Ajajaja… ¿Por qué estas retorciéndote tanto, Lovi? Sé que te gusta cuando te beso aquí… y aquí… e incluso aquí… Ah, eres tan lindo…~

Maldición, así que por eso es que mis piernas se sentían tan raras esta mañana.

Fruncí mis labios fuertemente hasta que comenzaron a doler, solo para prevenir el lamer mis ligeramente secos labios cuando esa brumosa memoria vino a mi mente otra vez. Oh no, yo nome estaba calentando por eso, ¡definitivamente no lo estaba!

—¡Ya es suficiente de esa mierda, Feliciano! —Lancé una mirada molesta hacia Feliciano y señale el delicioso pan restante el gran plante enfrente de nosotros. La verdadera pregunta aquí es… ¿Quién va a tener la última pieza?

En el minuto en que note que su expresión de duda pasó a una sorprendida, supe que había cambiado el tema exitosamente.

—¡Ooh! ¿Oh, puedo tenerla, hermano? ¿Por favor? ¡Por favor por favor por favor, por favor déjame tener el ultimo pedazo, por favor!~

Rodé mis ojos. —Claro, adelante.

Pssh. "¡Desafiando a mi Hermano Menor!" había pasado a ser decepcionantemente fácil con el pasar de los años. Un suspiro de alivio escapo de mis labios.

Gracias a Dios que así era.

XxX

Mientras Feliciano estaba masticando lo que quedaba de Bruschetta, me estaba preguntando si debería o no hacer otro viaje al buffet (aunque quedaban otros platillos que se veían sabrosos)
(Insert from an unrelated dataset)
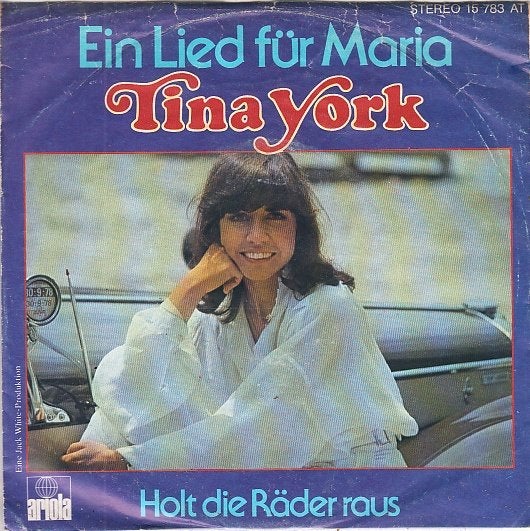 tina york - ein lied fur maria ( schlager / 1978), Gebruikt, Fotohoes, 7 inch, Schlager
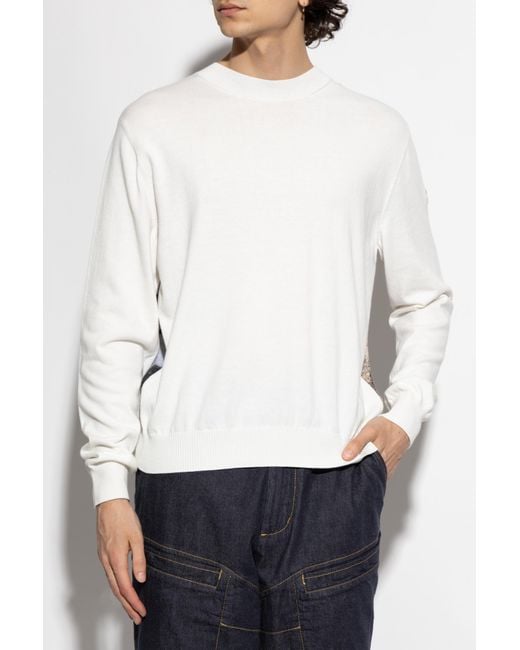 Moncler Genius White 3 Moncler Mercedes-Benz Designed By Nigoldeneye for men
Entonces, de repente, escuche una (demasiado cálida) voz llamando mi nombre: —¡Oh, Lovino!~

Llámame estúpido, pero instantáneamente olvide todo lo que estaba haciendo y planeando hacer por oír esa estúpida voz suya. Tragué saliva y lentamente mira hacia arriba, solo para ver a Antonio, e-ese bastardo. Con su estúpida sensualidad española. Maldito sea él.

Él me sonrió encantadoramente, cruzando las manos sobre su espalda mientras se inclinaba un poco para mí. —¡Hola!

—…s-sí. Hola. —Me le quede viendo. Se veía bien. También estaba algo sonrojado y parecía realmente feliz de verme. Él siempre parecía feliz de verme.

Me gustaba eso. Sonreí torpemente.

—¿Acabaste de comer, hm?~ —Antonio pregunto y le lanzo una mirada al plato en la mesa.

—Quizá. ¿Por qué? —fruncí el seño, perdiendo la sonrisa al instante.

Antonio rió un poco y se inclino hacia mí aun más, cuidadosamente tocando mi frente con la suya. —Porque quiero bailar contigo, querido. He estado esperando para bailar contigo. —Levanto mi cara y movió su cabeza para así poder acariciar mi mejilla con sus labios y suavemente dejar dulces besitos tanto como pudiera.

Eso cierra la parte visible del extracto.